**REQUIRED WORK**
Should any entry hold a picture, omit that picture and copy the rest of the entry exactly.

============

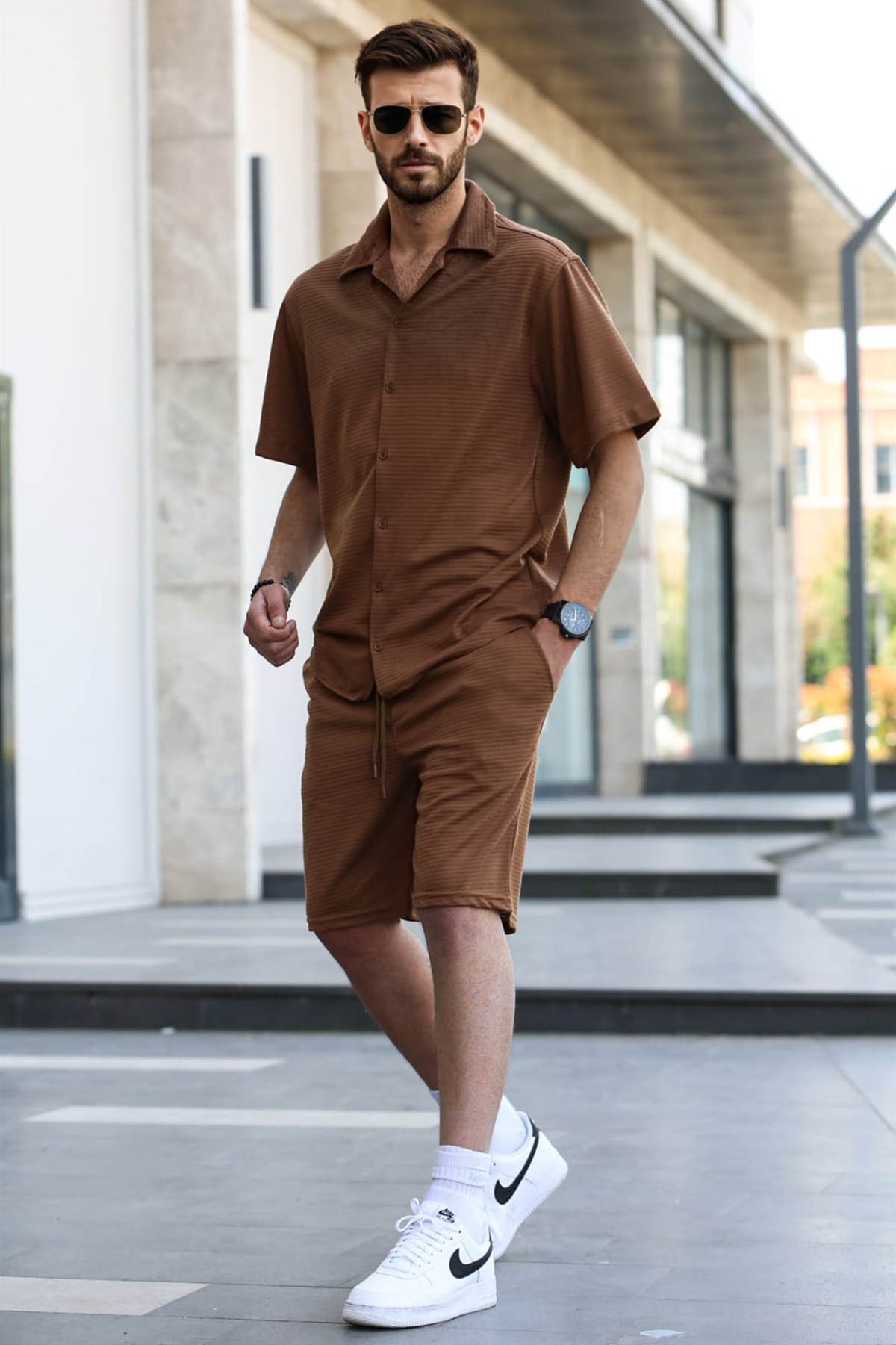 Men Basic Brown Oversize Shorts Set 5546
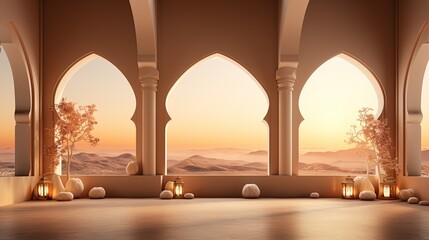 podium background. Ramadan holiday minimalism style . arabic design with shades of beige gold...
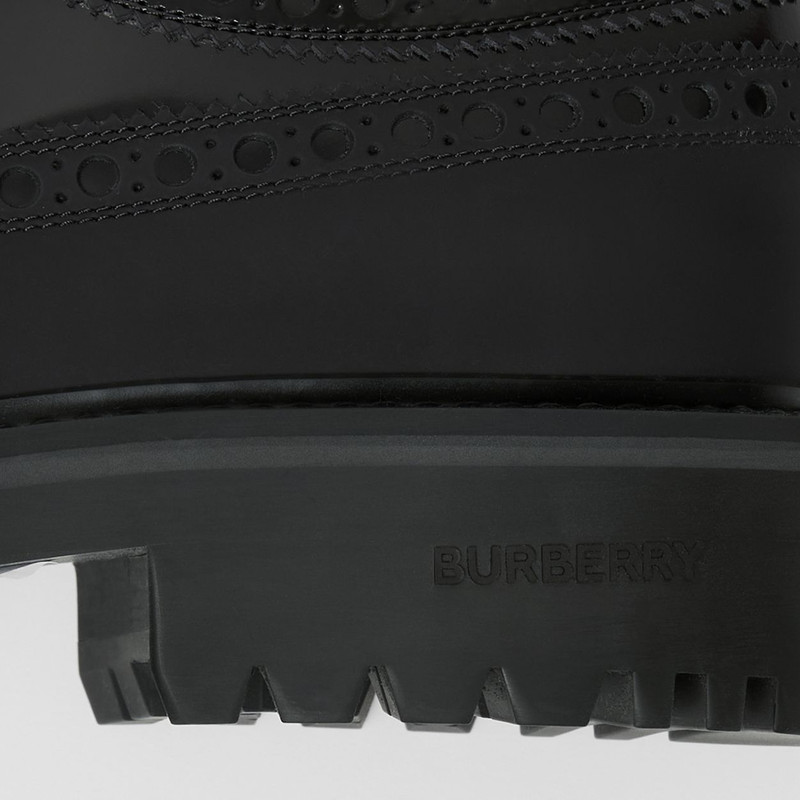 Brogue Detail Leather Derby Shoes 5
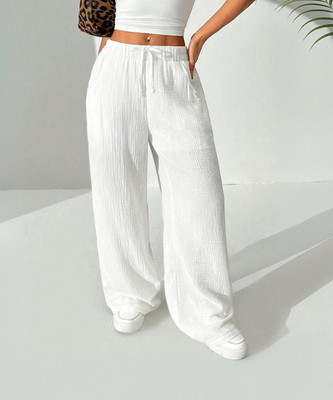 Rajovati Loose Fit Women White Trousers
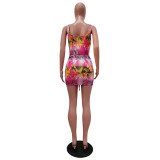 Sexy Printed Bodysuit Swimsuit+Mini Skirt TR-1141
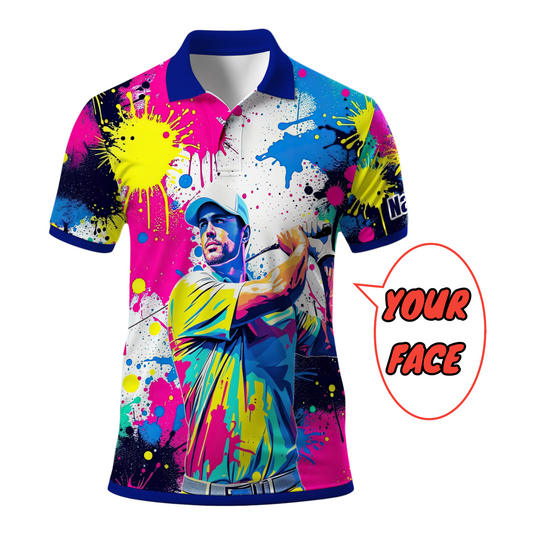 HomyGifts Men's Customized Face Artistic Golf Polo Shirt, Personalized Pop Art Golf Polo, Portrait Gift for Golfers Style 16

============

**WRITTEN SOLUTION**
 Men Basic Brown Oversize Shorts Set 5546
 podium background. Ramadan holiday minimalism style . arabic design with shades of beige gold...
 Brogue Detail Leather Derby Shoes 5
 Rajovati Loose Fit Women White Trousers
 Sexy Printed Bodysuit Swimsuit+Mini Skirt TR-1141
 HomyGifts Men's Customized Face Artistic Golf Polo Shirt, Personalized Pop Art Golf Polo, Portrait Gift for Golfers Style 16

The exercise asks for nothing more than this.